For the purposes of this section, abandonment shall be as set forth in s. 83.59(3)(c).
(6) A landlord who violates any provision of this section shall be liable to the tenant for actual and consequential damages or 3 months’ rent, whichever is greater, and costs, including attorney’s fees. Subsequent or repeated violations that are not contemporaneous with the initial violation shall be subject to separate awards of damages.
(7) A violation of this section constitutes irreparable harm for the purposes of injunctive relief.(8) The remedies provided by this section are not exclusive and do not preclude the tenant from pursuing any other remedy at law or equity that the tenant may have. The remedies provided by this section shall also apply to a servicemember who is a prospective tenant who has been discriminated against under subsection (3).
History. — s. 3, ch. 87-369; s. 7, ch. 88-379; s. 3, ch. 90-133; s. 3, ch. 96-146; s. 2, ch. 2001-179; s. 2, ch. 2003-30; s. 4, ch. 2003-72; s. 1, ch. 2004-236; s. 2, ch. 2007-136.
83.681 Orders to enjoin violations of this part. —(1) A landlord who gives notice to a tenant of the landlord’s intent to terminate the tenant’s lease pursuant to s. 83.56(2)(a), due to the tenant’s intentional destruction, damage, or misuse of the landlord’s property may petition the county or circuit court for an injunction prohibiting the tenant from continuing to violate any of the provisions of that part.
(2) The court shall grant the relief requested pursuant to subsection (1) in conformity with the principles that govern the granting of injunctive relief from threatened loss or damage in other civil cases.
(3) Evidence of a tenant’s intentional destruction, damage, or misuse of the landlord’s property in an amount greater than twice the value of money deposited with the landlord pursuant to s. 83.49 or $300, whichever is greater, shall constitute irreparable harm for the purposes of injunctive relief.
History. — s. 8, ch. 93-255; s. 451, ch. 95-147. 83.682 Termination of rental agreement by a servicemember. —(1) Any servicemember may terminate his or her rental agreement by providing the landlord with a written notice of termination to be effective on the date stated in the notice which is at least 30 days after the landlord’s receipt of the notice if any of the following criteria are met:
(a) The servicemember is required, pursuant to a permanent change of station orders, to move 35 miles or more from the location of the rental premises;
(b) The servicemember is prematurely or involuntarily discharged or released from active duty or state active duty;
(c) The servicemember is released from active duty or state active duty after having leased the rental premises while on active duty or state active duty status and the rental premises is 35 miles or more from the servicemember’s home of record before entering active duty or state active duty;
(d) After entering into a rental agreement, the servicemember receives military orders requiring him or her to move into government quarters or the servicemember becomes eligible to live in and opts to move into government quarters.
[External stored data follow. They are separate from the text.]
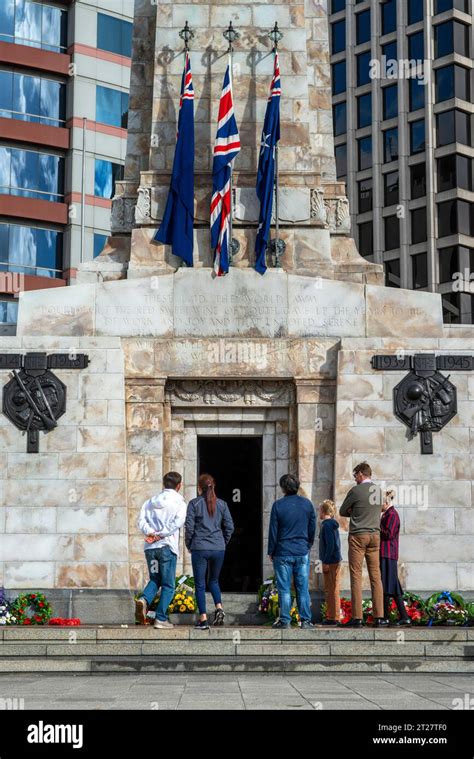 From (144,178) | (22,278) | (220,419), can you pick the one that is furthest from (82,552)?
(22,278)

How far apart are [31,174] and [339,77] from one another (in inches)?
1167

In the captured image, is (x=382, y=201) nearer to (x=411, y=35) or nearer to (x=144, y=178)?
(x=411, y=35)

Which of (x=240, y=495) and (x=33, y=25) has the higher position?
(x=33, y=25)

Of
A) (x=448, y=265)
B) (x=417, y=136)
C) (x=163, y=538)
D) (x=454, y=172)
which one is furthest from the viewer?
(x=417, y=136)

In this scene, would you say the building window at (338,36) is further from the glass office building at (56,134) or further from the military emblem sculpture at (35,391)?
the military emblem sculpture at (35,391)

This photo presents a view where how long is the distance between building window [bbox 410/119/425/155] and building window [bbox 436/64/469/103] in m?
1.73

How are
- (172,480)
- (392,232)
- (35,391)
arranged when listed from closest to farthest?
(172,480) → (35,391) → (392,232)

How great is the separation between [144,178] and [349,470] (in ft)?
25.0

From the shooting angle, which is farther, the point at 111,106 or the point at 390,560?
the point at 111,106

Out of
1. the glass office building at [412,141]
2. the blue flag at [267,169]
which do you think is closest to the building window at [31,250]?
the glass office building at [412,141]

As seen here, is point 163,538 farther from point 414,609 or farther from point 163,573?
point 414,609

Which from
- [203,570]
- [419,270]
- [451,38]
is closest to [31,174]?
[419,270]

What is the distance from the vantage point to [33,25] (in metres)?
54.8

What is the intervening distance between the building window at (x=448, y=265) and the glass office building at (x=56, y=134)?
21.4 metres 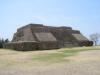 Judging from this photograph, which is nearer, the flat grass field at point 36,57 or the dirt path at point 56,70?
the dirt path at point 56,70

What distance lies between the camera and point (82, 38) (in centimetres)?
5069

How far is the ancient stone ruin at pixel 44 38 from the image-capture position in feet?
120

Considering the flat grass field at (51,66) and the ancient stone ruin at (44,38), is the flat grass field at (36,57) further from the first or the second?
the ancient stone ruin at (44,38)

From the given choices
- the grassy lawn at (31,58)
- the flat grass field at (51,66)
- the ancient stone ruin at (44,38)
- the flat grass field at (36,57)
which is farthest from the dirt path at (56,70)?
the ancient stone ruin at (44,38)

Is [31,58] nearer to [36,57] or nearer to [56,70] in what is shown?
[36,57]

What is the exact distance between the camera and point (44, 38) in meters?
40.8

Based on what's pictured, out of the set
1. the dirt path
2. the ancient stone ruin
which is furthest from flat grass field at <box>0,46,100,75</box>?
the ancient stone ruin

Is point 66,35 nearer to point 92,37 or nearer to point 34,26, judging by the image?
point 34,26

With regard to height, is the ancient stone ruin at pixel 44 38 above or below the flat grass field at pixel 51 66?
above

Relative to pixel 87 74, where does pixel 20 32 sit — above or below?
above

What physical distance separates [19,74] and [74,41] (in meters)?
38.9

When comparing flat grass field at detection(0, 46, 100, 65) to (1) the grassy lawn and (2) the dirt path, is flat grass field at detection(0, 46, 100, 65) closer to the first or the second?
(1) the grassy lawn

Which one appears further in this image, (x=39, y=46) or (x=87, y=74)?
(x=39, y=46)

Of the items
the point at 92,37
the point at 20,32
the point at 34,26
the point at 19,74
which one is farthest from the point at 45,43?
the point at 92,37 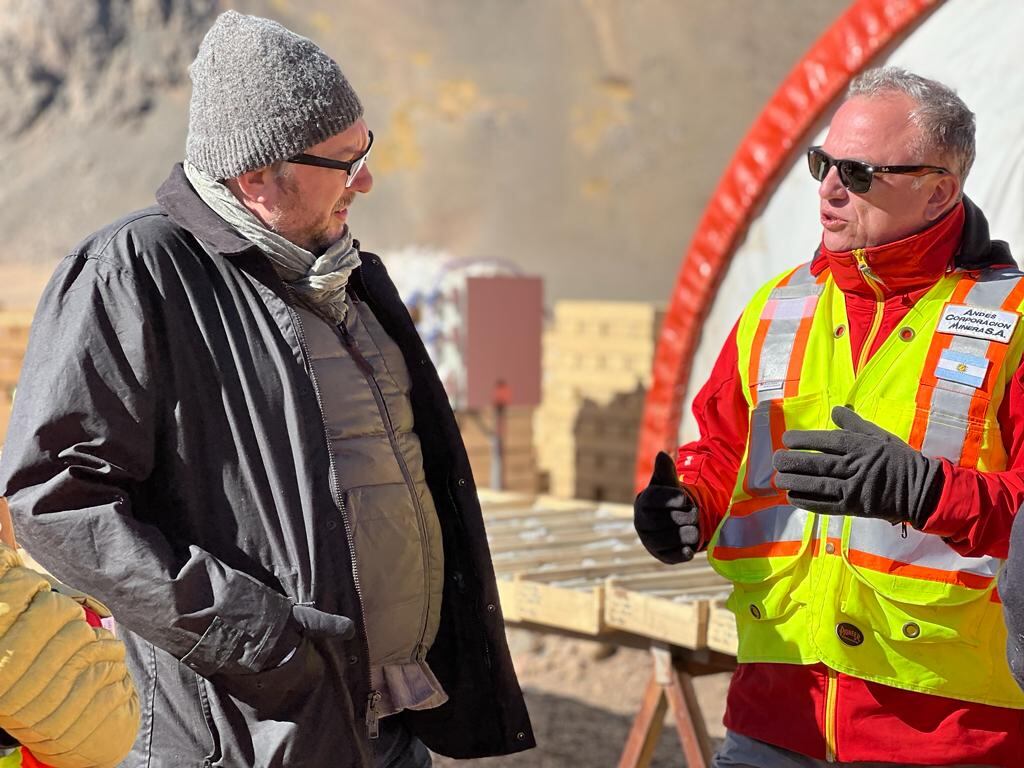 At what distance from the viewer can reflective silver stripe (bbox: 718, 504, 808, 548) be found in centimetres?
248

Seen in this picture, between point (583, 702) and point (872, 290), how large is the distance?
4781mm

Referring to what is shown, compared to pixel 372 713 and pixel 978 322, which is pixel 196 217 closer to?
pixel 372 713

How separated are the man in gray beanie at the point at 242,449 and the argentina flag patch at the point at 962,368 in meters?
0.98

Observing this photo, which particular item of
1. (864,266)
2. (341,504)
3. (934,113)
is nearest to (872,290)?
(864,266)

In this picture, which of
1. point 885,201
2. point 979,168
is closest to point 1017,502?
point 885,201

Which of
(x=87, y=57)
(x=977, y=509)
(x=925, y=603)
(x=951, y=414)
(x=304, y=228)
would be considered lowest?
(x=925, y=603)

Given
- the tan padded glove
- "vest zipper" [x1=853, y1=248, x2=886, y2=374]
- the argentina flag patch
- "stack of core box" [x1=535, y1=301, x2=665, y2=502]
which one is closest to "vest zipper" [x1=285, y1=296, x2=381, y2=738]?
the tan padded glove

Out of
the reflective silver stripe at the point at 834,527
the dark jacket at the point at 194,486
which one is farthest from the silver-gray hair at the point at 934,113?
the dark jacket at the point at 194,486

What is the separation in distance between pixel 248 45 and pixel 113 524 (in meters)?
0.86

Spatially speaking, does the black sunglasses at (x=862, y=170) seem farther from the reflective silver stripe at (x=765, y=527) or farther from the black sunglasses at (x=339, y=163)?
the black sunglasses at (x=339, y=163)

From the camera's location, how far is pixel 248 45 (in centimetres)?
238

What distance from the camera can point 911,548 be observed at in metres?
2.34

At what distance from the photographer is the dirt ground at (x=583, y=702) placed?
19.8 feet

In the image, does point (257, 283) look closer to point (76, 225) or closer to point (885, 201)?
point (885, 201)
For purposes of this paragraph, the term “government quarters” means any military housing option that is available to a servicemember, including privatized military housing that is owned, operated, or managed by a private sector company;
(e) The servicemember receives temporary duty orders, temporary change of station orders, or state active duty orders to an area 35 miles or more from the location of the rental premises, provided such orders are for a period exceeding 60 days; or
(f) The servicemember has leased the property, but before taking possession of the rental premises, receives a change of orders to an area that is 35 miles or more from the location of the rental premises.
(2) The notice to the landlord must be accompanied by either a copy of the official military orders or a written verification signed by the servicemember’s commanding officer.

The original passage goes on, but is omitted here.